» EXERCISE AIM
Nothing should be left out: repeat all the data exactly.

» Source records
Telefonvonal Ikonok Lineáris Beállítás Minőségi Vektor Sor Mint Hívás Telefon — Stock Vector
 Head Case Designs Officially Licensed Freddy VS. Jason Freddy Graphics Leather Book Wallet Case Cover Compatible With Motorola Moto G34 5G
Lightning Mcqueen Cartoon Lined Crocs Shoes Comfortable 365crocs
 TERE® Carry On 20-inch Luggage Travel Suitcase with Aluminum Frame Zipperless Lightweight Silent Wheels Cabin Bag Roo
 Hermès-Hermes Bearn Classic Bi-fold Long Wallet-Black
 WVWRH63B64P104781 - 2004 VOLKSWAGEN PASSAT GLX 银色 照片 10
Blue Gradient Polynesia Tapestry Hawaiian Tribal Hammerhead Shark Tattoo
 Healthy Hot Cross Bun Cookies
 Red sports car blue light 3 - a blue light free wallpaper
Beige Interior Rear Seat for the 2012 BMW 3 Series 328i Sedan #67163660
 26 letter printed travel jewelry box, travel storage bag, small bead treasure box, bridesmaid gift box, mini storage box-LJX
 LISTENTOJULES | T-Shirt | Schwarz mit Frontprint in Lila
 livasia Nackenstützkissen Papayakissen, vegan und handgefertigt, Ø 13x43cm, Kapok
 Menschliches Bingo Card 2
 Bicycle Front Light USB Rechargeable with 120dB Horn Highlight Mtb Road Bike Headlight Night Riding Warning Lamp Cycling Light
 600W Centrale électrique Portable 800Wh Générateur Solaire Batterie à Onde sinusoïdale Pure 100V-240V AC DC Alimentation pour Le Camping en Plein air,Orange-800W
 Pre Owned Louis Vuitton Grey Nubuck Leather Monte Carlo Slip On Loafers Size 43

» OUTPUT
Telefonvonal Ikonok Lineáris Beállítás Minőségi Vektor Sor Mint Hívás Telefon — Stock Vector
 Head Case Designs Officially Licensed Freddy VS. Jason Freddy Graphics Leather Book Wallet Case Cover Compatible With Motorola Moto G34 5G
Lightning Mcqueen Cartoon Lined Crocs Shoes Comfortable 365crocs
 TERE® Carry On 20-inch Luggage Travel Suitcase with Aluminum Frame Zipperless Lightweight Silent Wheels Cabin Bag Roo
 Hermès-Hermes Bearn Classic Bi-fold Long Wallet-Black
 WVWRH63B64P104781 - 2004 VOLKSWAGEN PASSAT GLX 银色 照片 10
Blue Gradient Polynesia Tapestry Hawaiian Tribal Hammerhead Shark Tattoo
 Healthy Hot Cross Bun Cookies
 Red sports car blue light 3 - a blue light free wallpaper
Beige Interior Rear Seat for the 2012 BMW 3 Series 328i Sedan #67163660
 26 letter printed travel jewelry box, travel storage bag, small bead treasure box, bridesmaid gift box, mini storage box-LJX
 LISTENTOJULES | T-Shirt | Schwarz mit Frontprint in Lila
 livasia Nackenstützkissen Papayakissen, vegan und handgefertigt, Ø 13x43cm, Kapok
 Menschliches Bingo Card 2
 Bicycle Front Light USB Rechargeable with 120dB Horn Highlight Mtb Road Bike Headlight Night Riding Warning Lamp Cycling Light
 600W Centrale électrique Portable 800Wh Générateur Solaire Batterie à Onde sinusoïdale Pure 100V-240V AC DC Alimentation pour Le Camping en Plein air,Orange-800W
 Pre Owned Louis Vuitton Grey Nubuck Leather Monte Carlo Slip On Loafers Size 43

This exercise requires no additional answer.